(Data records)
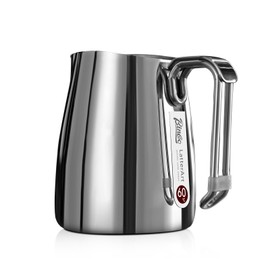 Bincoo Espresso Milk Frothing Pitcher Stainless Steel 20oz/600ML Coffee Milk Frother Cup-Milk Frothing Pitcher with Measurement Lines,Ergonomic Handle for Latte Art & Cappuccin(Steel)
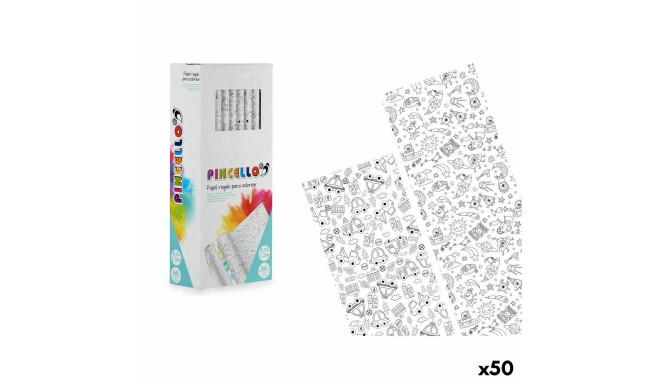 Gift Wrap Pincello 80GR - COLOREAR 80GR - COLOREAR 0,7 x 1,5 m Cars Alien (50 Units)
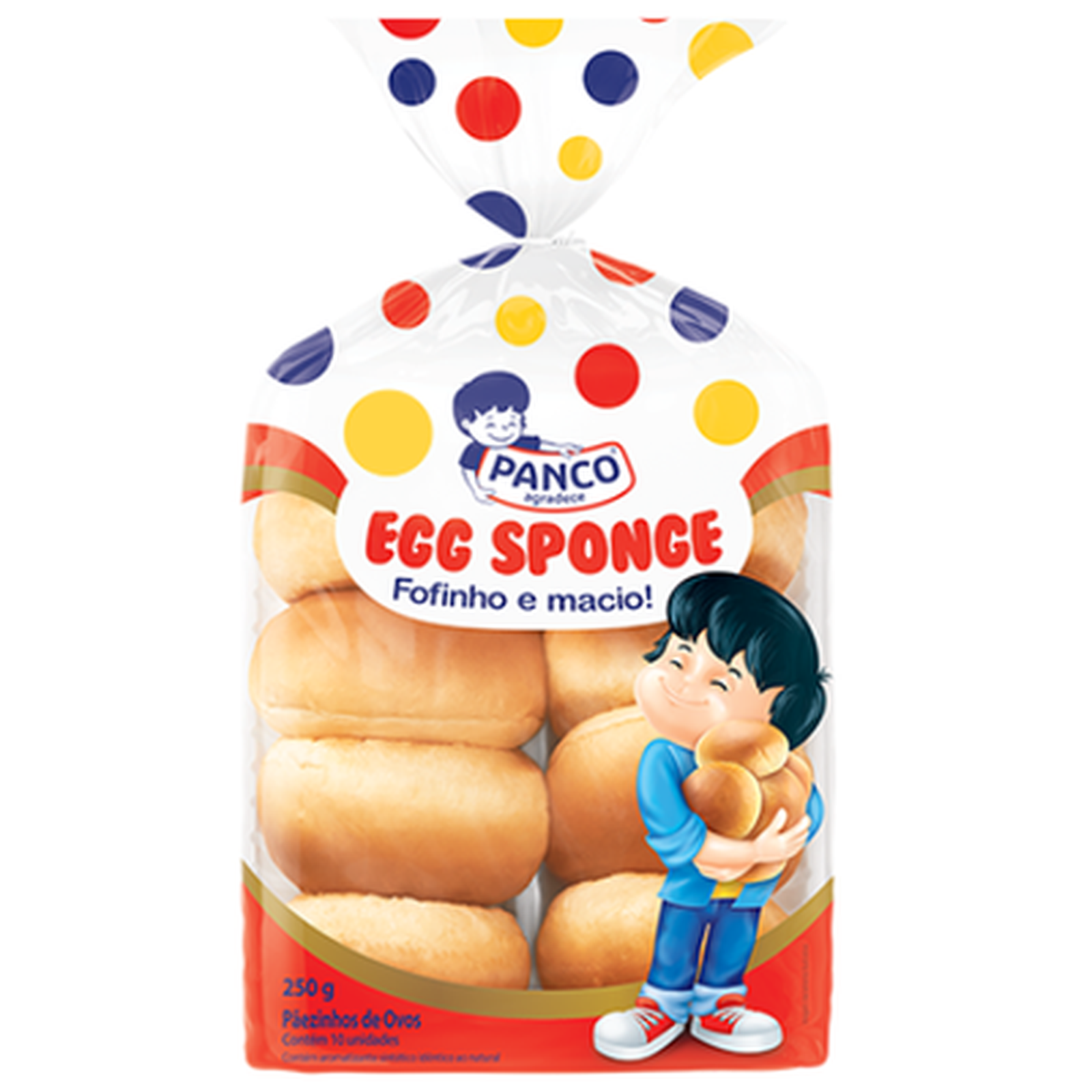 Panchan☆  Pão de Ovo Panco Egg Sponge Pacote 250g | Andorinha Hiper Center
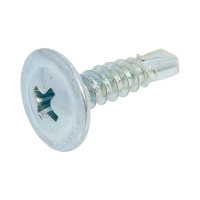 Саморез КВАДРА пресс-шайба, со сверлом, 4.2x16 цинк, кор. 1000 шт. 420164100001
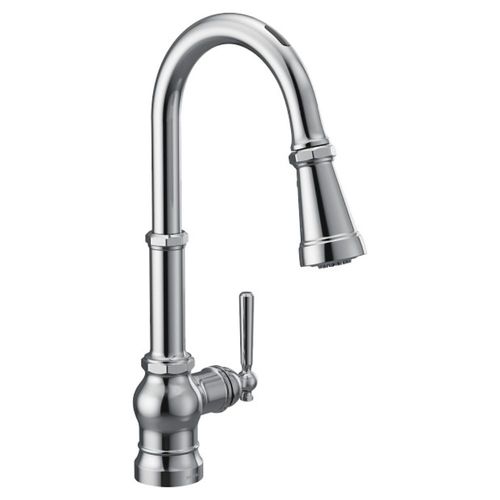 Moen Paterson Smart Motion Control Single-Handle Pull-Down Kitchen Faucet, Chrome - S72003EV2C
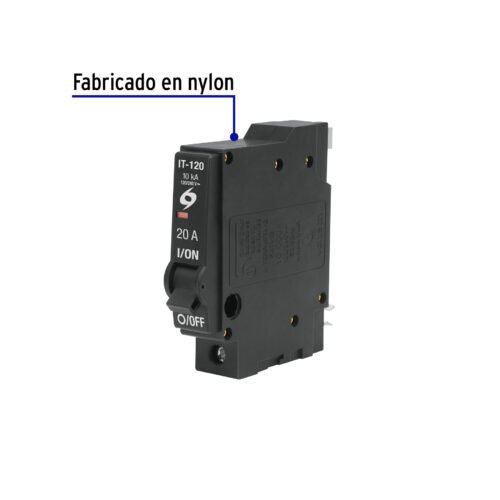 467011 46701 - Interruptor de 1 polo 20A, enchufable, VOLTECK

### Goal of the exercise
Only the lines from the one containing "Moen Paterson Smart" through the last line of the entries above, both included, belong in the answer, written out exactly; pictures do not.

### Expected output
 Moen Paterson Smart Motion Control Single-Handle Pull-Down Kitchen Faucet, Chrome - S72003EV2C
 467011 46701 - Interruptor de 1 polo 20A, enchufable, VOLTECK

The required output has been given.